- Abbreviation: CNV
- President: Germà Gordó
- Secretary-General: Teresa Maria Pitarch
- Founded: 7 November 2017
- Registered: 17 November 2017
- Split from: Catalan European Democratic Party
- Headquarters: Rambla Catalunya, 18, 6ª 08007, Barcelona
- Ideology: Catalan nationalism Christian democracy Liberalism Social democracy
- Political position: Centre
- Colors: Blue Orange
- Local government (2019–2023): 21 / 9,077

Website
- www.convergents.org

= Convergents (political party) =

Convergents (Convergents, CNV) is a Catalan political party founded in November 2017 by former regional justice minister in Artur Mas's second government Germà Gordó, who had left the Catalan European Democratic Party (PDeCAT) in June 2017. The party includes former Democratic Convergence of Catalonia (CDC) members Teresa Maria Pitarch and (until 2020) Sílvia Requena.

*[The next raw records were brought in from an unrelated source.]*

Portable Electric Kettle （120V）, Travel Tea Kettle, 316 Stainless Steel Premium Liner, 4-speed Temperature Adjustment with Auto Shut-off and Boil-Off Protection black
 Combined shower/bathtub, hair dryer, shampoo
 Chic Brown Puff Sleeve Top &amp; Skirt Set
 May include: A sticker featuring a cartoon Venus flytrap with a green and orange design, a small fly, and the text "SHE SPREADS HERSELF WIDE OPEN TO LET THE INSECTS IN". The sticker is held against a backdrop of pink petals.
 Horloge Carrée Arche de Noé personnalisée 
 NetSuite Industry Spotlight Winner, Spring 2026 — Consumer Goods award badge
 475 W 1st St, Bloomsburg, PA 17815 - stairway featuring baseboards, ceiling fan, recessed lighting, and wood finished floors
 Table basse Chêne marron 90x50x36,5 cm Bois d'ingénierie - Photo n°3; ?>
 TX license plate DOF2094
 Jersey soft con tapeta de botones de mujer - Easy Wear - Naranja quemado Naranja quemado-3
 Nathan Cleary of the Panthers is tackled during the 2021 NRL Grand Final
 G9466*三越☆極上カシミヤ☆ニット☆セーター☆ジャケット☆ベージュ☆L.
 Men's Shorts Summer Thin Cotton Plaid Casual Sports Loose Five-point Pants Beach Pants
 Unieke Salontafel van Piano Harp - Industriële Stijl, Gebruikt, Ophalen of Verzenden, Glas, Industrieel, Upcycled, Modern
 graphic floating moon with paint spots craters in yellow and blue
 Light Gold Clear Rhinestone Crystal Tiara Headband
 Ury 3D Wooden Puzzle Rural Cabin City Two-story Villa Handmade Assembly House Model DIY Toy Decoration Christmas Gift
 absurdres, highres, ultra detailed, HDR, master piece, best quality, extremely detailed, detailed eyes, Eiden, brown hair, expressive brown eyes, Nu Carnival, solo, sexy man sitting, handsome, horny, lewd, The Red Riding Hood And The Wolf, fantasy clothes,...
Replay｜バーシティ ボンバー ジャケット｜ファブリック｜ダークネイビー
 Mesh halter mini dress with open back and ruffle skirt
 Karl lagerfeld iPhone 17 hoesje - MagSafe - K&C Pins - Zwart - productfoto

Convergents identifies itself as a party of "pragmatic sovereigntists".

==History==
The party was formed shortly before the 2017 Catalan regional election by former regional minister of justice Germà Gordó, who had left the Catalan European Democratic Party (PDeCAT) in June 2017 following pressures from other parties in the Junts pel Sí parliamentary group for Gordó to vacate his seat after his indictment in the 3% corruption scandal affecting the late Democratic Convergence of Catalonia (CDC). It was initially founded as the New Convergence (Nova Convergència) political platform, then registered as a party in the interior ministry under the name "Convergents". However, the party's lists failed to pass validation by the Electoral Commission and were not proclaimed, resulting in the party being ultimately excluded from the election. In 2019, the party contested the April general election and the May local elections—signing local alliances with United to Advance (Els Units) and Free (Lliures) in Sant Cugat del Vallés and Castelldefels—obtaining poor results. In July 2020, Sílvia Requena left the party to become the Democratic League (DC)'s new secretary-general.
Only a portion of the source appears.